Władysław Glinka’s autograph in the Polish Declaration of Admiration and Friendship for the United States

His first act upon returning was organizing a County Committee in Ostrołęka. In 1919, he handed over his estate to his son Jan and moved to Warsaw, where he engaged in political activities. After the death of Zygmunt Wielopolski, he became a leader of the Real Politics Party and one of the editors of "Dziennik Powszechny," the party's mouthpiece. Following the merger of the Real Politics Party with other right-wing parties into the Constitutional Work Party (later renamed the National Right Party), he joined the new organization's Main Board. He was a key figure in the "coup" of former realists aimedHed to curb the influence, mainly of the Galician faction from the former National Democracy. On 14 September 1920, he left the party. After 1923, he withdrew from active political life, turning toward Christian-conservative currents. He maintained ties with prominent Polish politicians, including Władysław Grabski and Stanisław Wojciechowski. He wrote for "Czas" and "Przegląd Ziemiański," mainly on agricultural issues, and sharply criticized the May Coup in the press. In 1918, he founded the Land Credit Society in Warsaw, serving as its president until his death. He also chaired the Union of Long-Term Credit Institutions.

Władysław Glinka supported the incorporation of Belarusian lands into Poland, viewing Belarusians as a "barbaric population" unfit to be considered the "spiritual masters of the land" they inhabited, while Poles in the east too readily abandoned their role as "hosts and guides".

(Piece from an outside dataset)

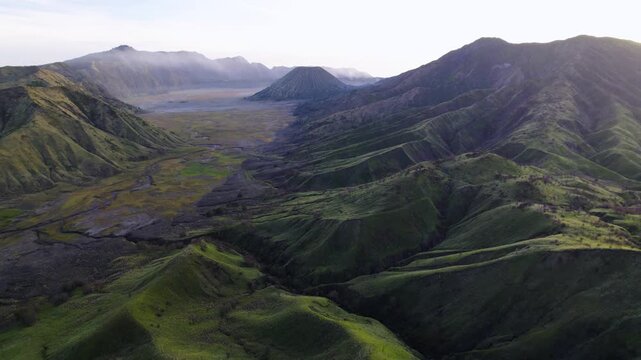 Aerial view of the majestic Mount Bromo landscape, showing stark contrasts between the lush green slopes and the volcanic caldera, Bromo Tengger Semeru National Park, East Java, Indonesia.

In ecclesiastical matters, he advocated for Ultramontanism.

=== Personal life ===
While in Paris, he met his future wife, Joanna de Calonne, the daughter of his lyceum professor. They married on 23 June 1889. They had three children: Jan (1890–1963), Magdalena (1893–1917), and Stefan (1900–1940).

=== Death and burial ===
He died of a heart attack on 21 September 1930 in Warsaw and was buried at the cemetery in Rzekuń near Ostrołęka.

== Orders and decorations ==
- Commander's Cross of the Order of Polonia Restituta (7 November 1925).
- Commander of the Legion of Honour (France).

== Publications ==
=== Books ===
- Panna Żabińska (Panna Żabińska, Breeding Farm in Kaczynów, Maligna, Antosia, Philosopher, Excerpt from Helena P.’s Diary), under the pseudonym "Trzaska" (Warsaw, 1901)
- Bolshevism and the Agrarian Question in Poland (Warsaw, 1918)
- Memoirs of the Great War (Warsaw, vol. I – 1927, vols. II-IV – 1928)

=== Selected articles ===
Published in: "Agricultural Gazette", "Głos", "Czas", "Landowners’ Review", "Warsaw Courier".